The doctor and everyone else left the room for us three to be alone for a while. My daughter was crying but she didn’t fully understand the scope or gravity of the situation. She knew her brother was dead, but that’s about it. In a sense, she was lucky not to understand yet. My other half held me so tight as we both cried. Then all three of us were in a tight embrace, I don’t know for how long. When the doctor and nurses came back in, we had somewhat stopped crying already as we discussed what we were going to do to deliver our baby.
Since I was going for a C-section, I told them I would still like to keep it as such. So they all left and started prepping everything including myself. My other half had begun notifying close family members like his mom and dad and I messaged a handful of mine via messenger since I had no immediate family member or close relative that lived nearby.
His mother and father came and they were crying and very heartbroken over what happened. It was a very somber night as I was being prepped for delivery. Around 9:00 p.m. I got wheeled into the operating room and they started the procedure. Our son, Lochlan Elijah, was born that night, May 20 at 9:26 p.m weighing 9.14 pounds and was 22 inches. He looked exactly like me but had his father’s frame. He was absolutely perfect.

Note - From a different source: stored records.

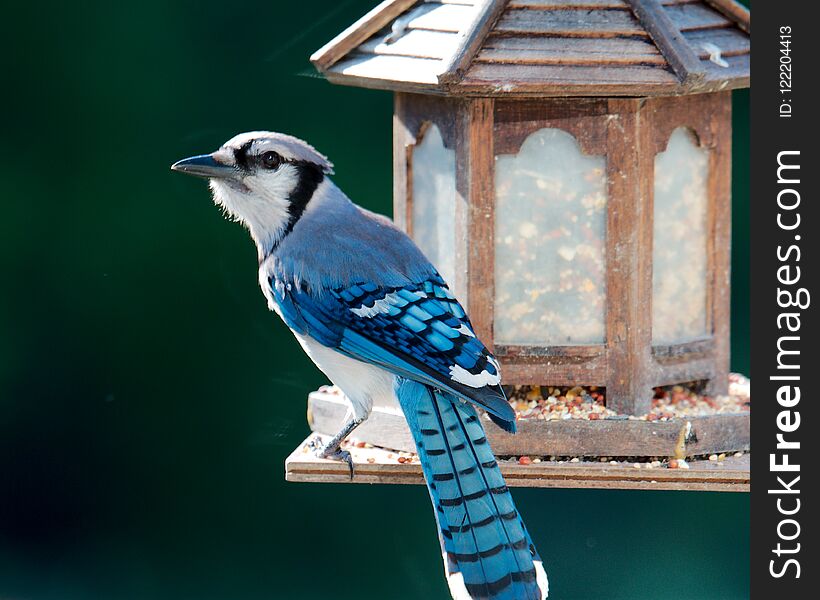 Blue Jay eating seeds at a bird feeder early morning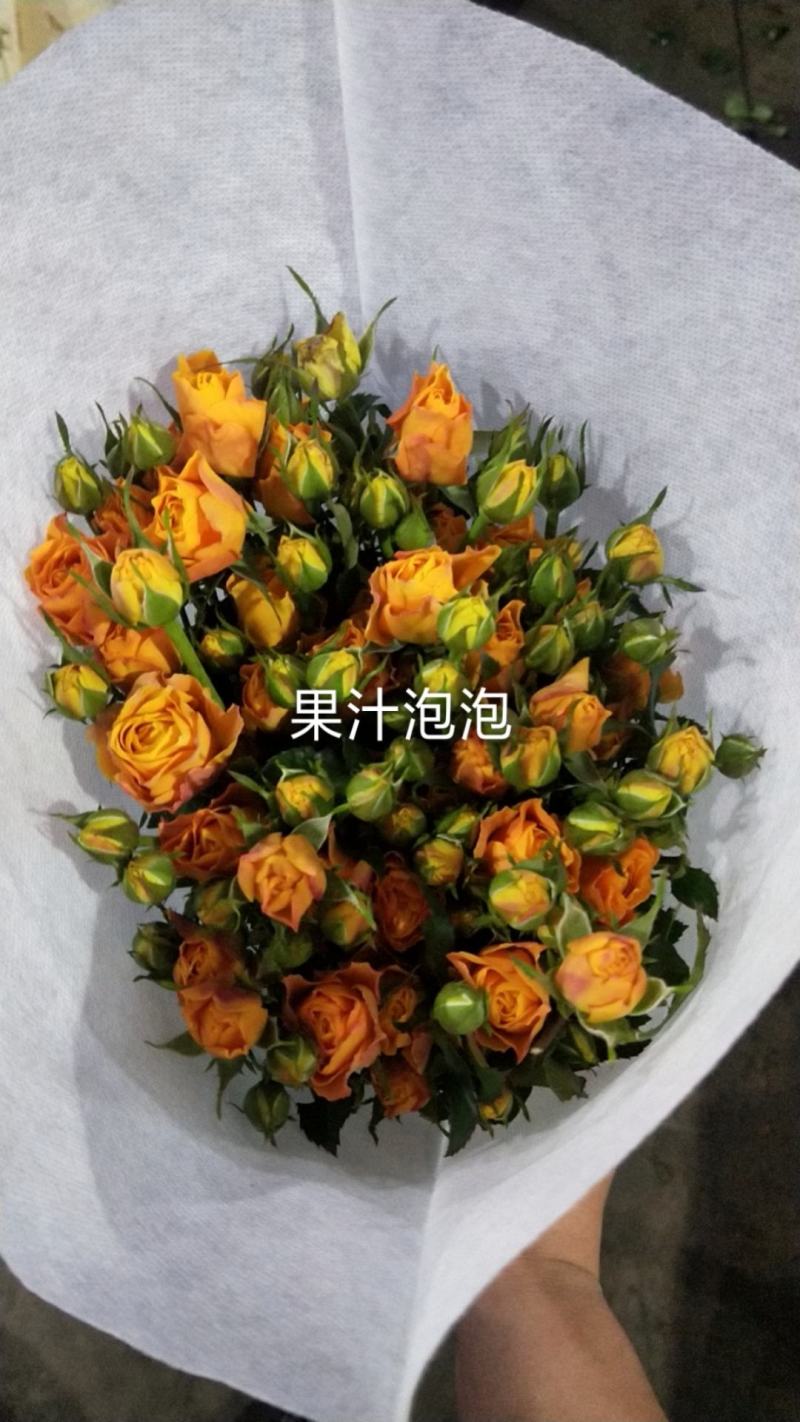 多头玫-云南鲜切花多头玫多类品种直供！各种等级多头玫供应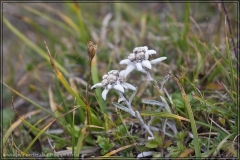 hpuster_htauern_123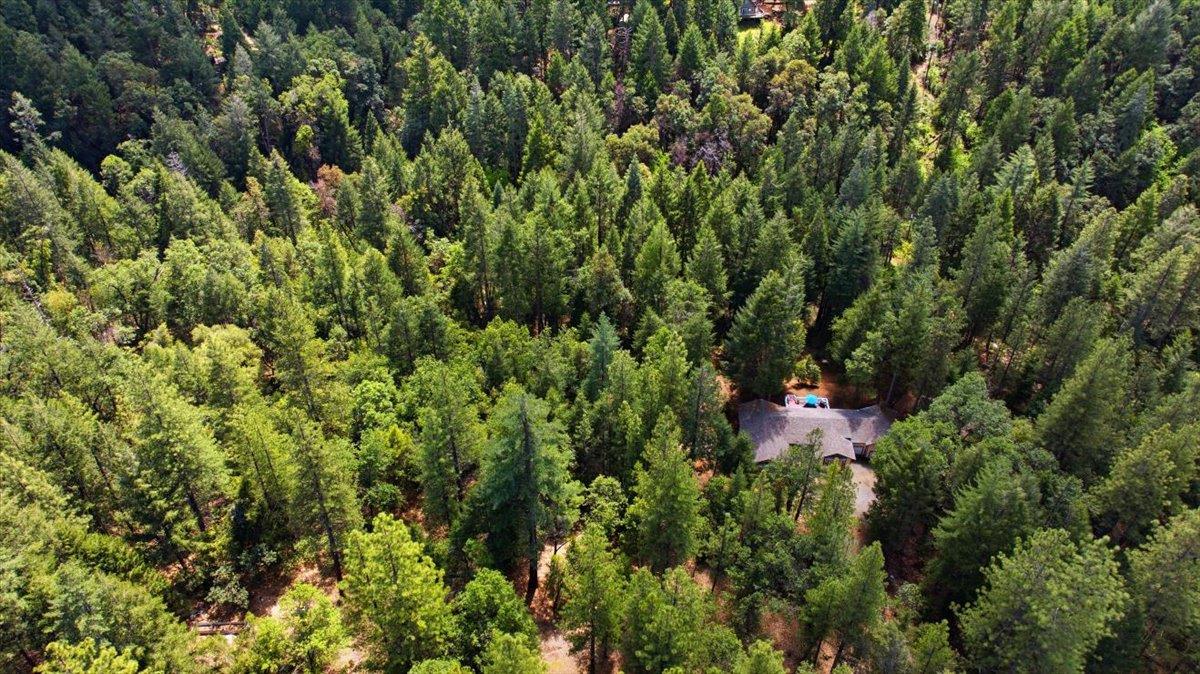 5200 Langner Creek Road Pollock Pines, CA 95726 - Photo 47 of 51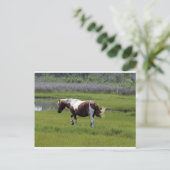 Assateague Wild Horse Postkarte (Stehend Vorderseite)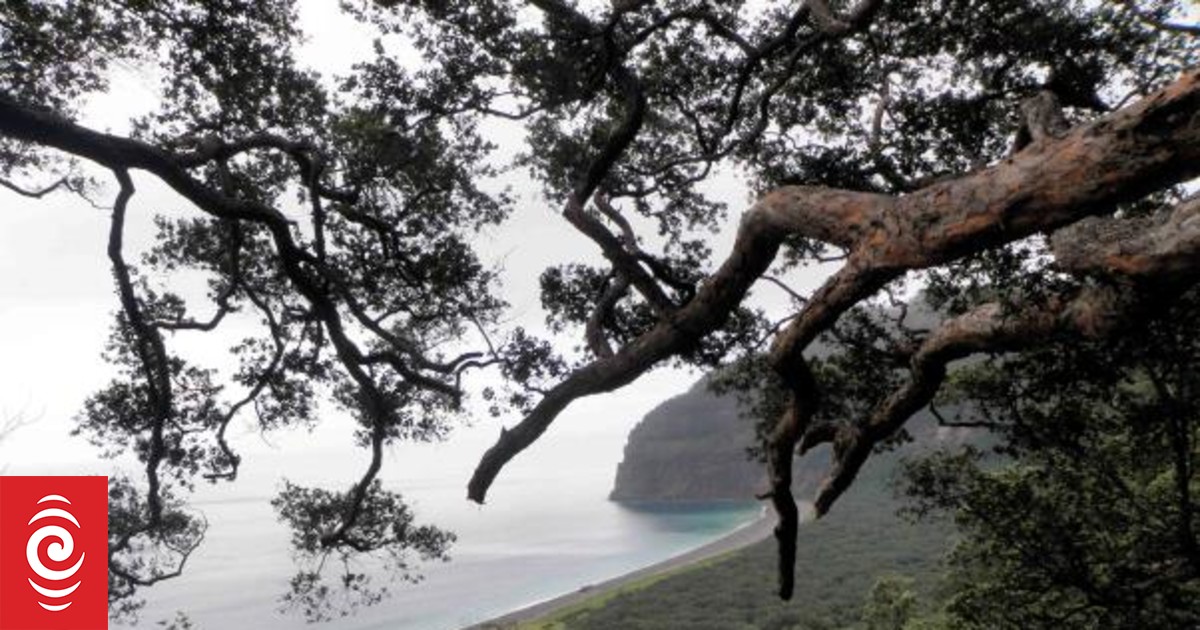 Iwi reject government's latest Kermadec sanctuary proposal - Vimarsana News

I held him for as long as I could once I was able to get a couple hours of sleep. We had pictures taken and we spent as much time as we could with him. But I knew I had to let him go. It was 2 p.m. the following day when we let him leave. It was so hard to know that I couldn’t hold my baby anymore.
I didn’t even get to see his eyes, nor hear his cry. I couldn’t go through the pain when they started talking about funeral arrangements. I said that it is never right when parents talk about the funeral arrangements for their child. That it wasn’t how it was supposed to be.
On May 22, late in the afternoon, I requested to be discharged and we went home. It was very hard coming home without our son. My arms felt so, so empty but my heart felt more so – it was beyond words.
It has now been 2 months since he passed away but the pain is so fresh still like it was yesterday. I still ask “Why? Why us? Why our son?” I will never know but I do hang on to the Lord and know that my son is loved and happy in heaven. And that beautiful quote, “too beautiful for earth,” I sincerely believe in it. He was spared from all the heartache and ugly things from this world because he didn’t deserve it. He was too beautiful.
Every now and then, it still hurts me a lot to see little kids running around knowing that my son should have been that eventually. I think the pain will always be there, but it gets easier by the day. Hold on to the ones you love, and never turn anyone who cares for you away. They will help keep your sanity. With every day, I accept it a step at a time. I love him so much and will always miss him, but I look forward to the day when I get to hold him again up in heaven.
In sweet loving memory of Lochlan Elijah – our beautiful boy.